Die ältesten Berichte über den Adel im Gebiet des heutigen Deutschlands finden sich in der Germania des Tacitus, die um 98 n. Chr. in Rom veröffentlicht wurde. Bereits hier werden gesellschaftliche Führungsschichten beschrieben, die sich durch Herkunft, Kriegsführung und Ansehen auszeichneten.
Im Jahr 842 schilderte der fränkische Abt Nithard, ein Enkel Karls des Großen, in seiner Chronik die Dreiteilung der sächsischen Gesellschaft in Stände. In fränkischer Zeit entstanden zudem die Stammesherzogtümer.
Karl der Große dehnte das fränkische Grafensystem durch die Eroberung Sachsens auf jene Gebiete aus, aus denen später das Heilige Römische Reich hervorging.
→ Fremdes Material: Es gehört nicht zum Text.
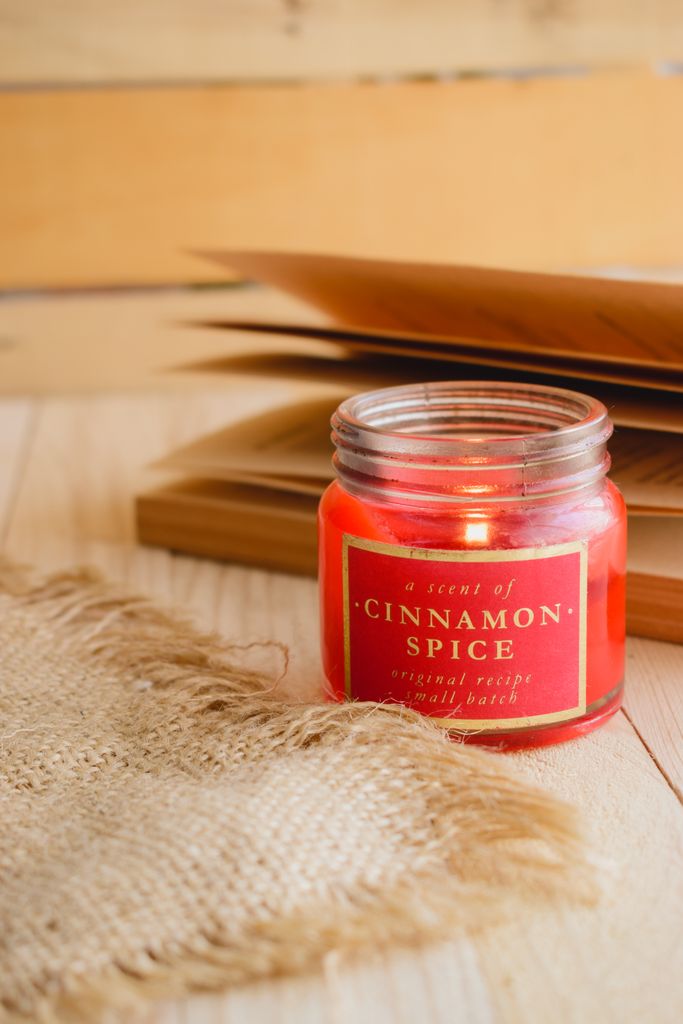 Warm cosy autumn ambiance with a cinnamon-scented candle and book pages.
Im Hochmittelalter verschmolzen der ursprüngliche freie Adel und die Ministerialen im Rahmen des Feudalsystems zum Ritterstand. Die aus diesen Familien hervorgegangenen Geschlechter werden bis heute als „alter Adel“ bezeichnet.
Es entwickelte sich eine feudale Ordnung in Form einer Pyramide, deren Ebenen als sogenannte Militärschilde bezeichnet wurden.
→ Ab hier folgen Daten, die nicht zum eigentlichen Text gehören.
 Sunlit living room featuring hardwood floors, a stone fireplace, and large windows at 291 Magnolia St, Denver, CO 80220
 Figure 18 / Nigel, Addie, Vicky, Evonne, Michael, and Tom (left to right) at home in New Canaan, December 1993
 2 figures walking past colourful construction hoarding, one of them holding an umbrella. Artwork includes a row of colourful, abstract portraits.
Im späten Mittelalter und in der frühen Neuzeit wurden die Adligen des dritten und vierten Militärschildes sowie die kaiserlichen Ministerialen zu territorialen Herrschern.
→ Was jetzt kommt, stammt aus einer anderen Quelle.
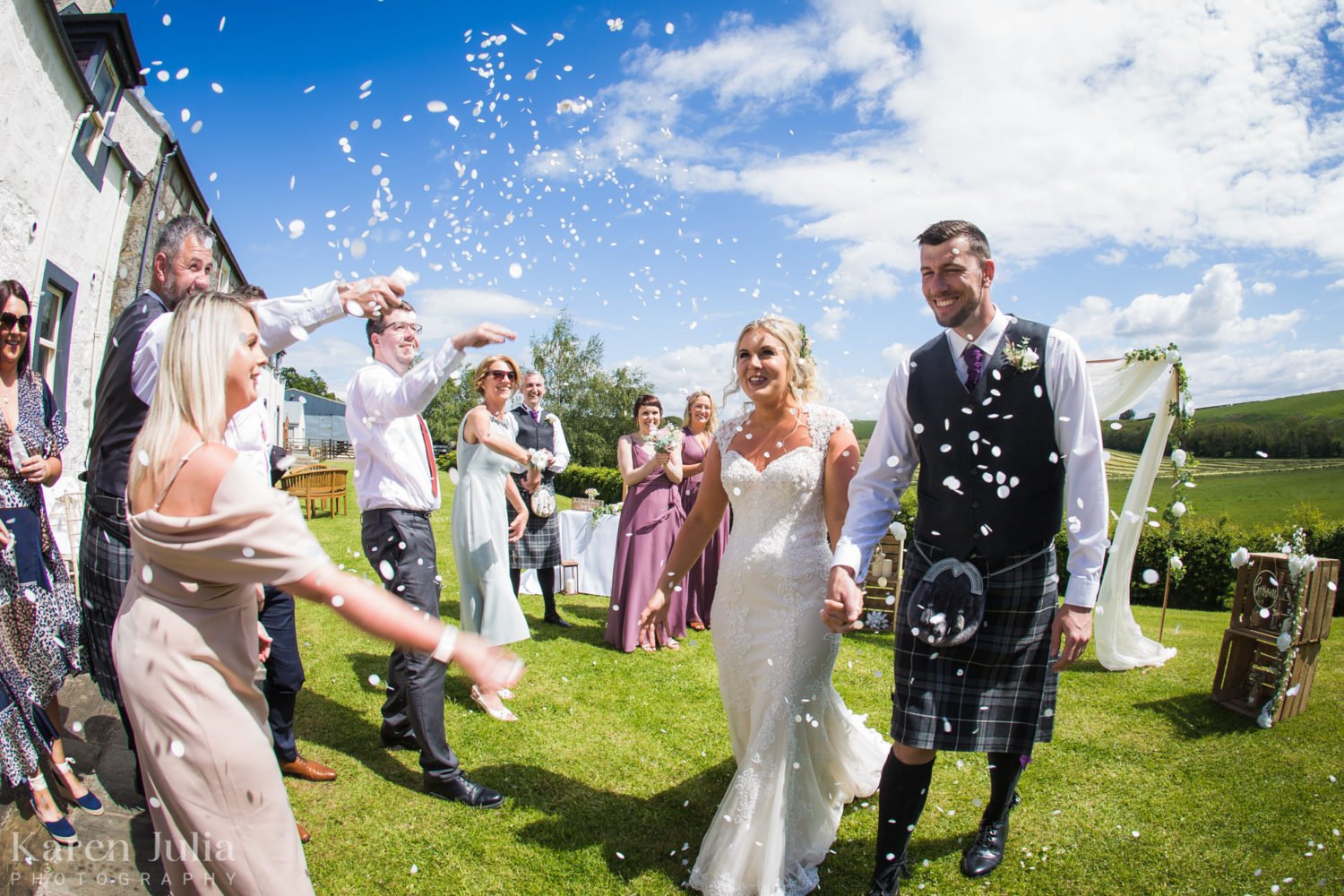 bride and groom smile whilst guests throw confetti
Mit der Reichsverfassung von 1495 und der Einrichtung des Reichstags als ständige Institution erhielten die Inhaber großer Reichslehen – darunter Kurfürsten, Fürsten, Herzöge, Grafen und Reichsprälaten – erbliche Sitze. Sie wurden damit zu Reichsständen.
Die Verleihung von Adelstiteln an Bürgerliche begann in den deutschen Ländern unter Kaiser Karl IV. nach französischem Vorbild. Besonders Beamte, Juristen und Gelehrte wurden in den Adelsstand erhoben.
Dieses Nobilitierungsrecht lag im Heiligen Römischen Reich beim Kaiser oder dem Reichsvikar. Nach 1806 konnten die Fürsten der Rheinbundstaaten und ab 1815 alle deutschen Monarchen Adelstitel verleihen.
Diese Praxis bestand bis zum Ende der Monarchie im Jahr 1918 fort.
Mit dem Ende des Heiligen Römischen Reiches 1806 wurden zahlreiche Reichsstände mediatisiert und verloren ihre Reichsunmittelbarkeit. Als sogenannte Ständeherren behielten sie nur noch eingeschränkte Sonderrechte.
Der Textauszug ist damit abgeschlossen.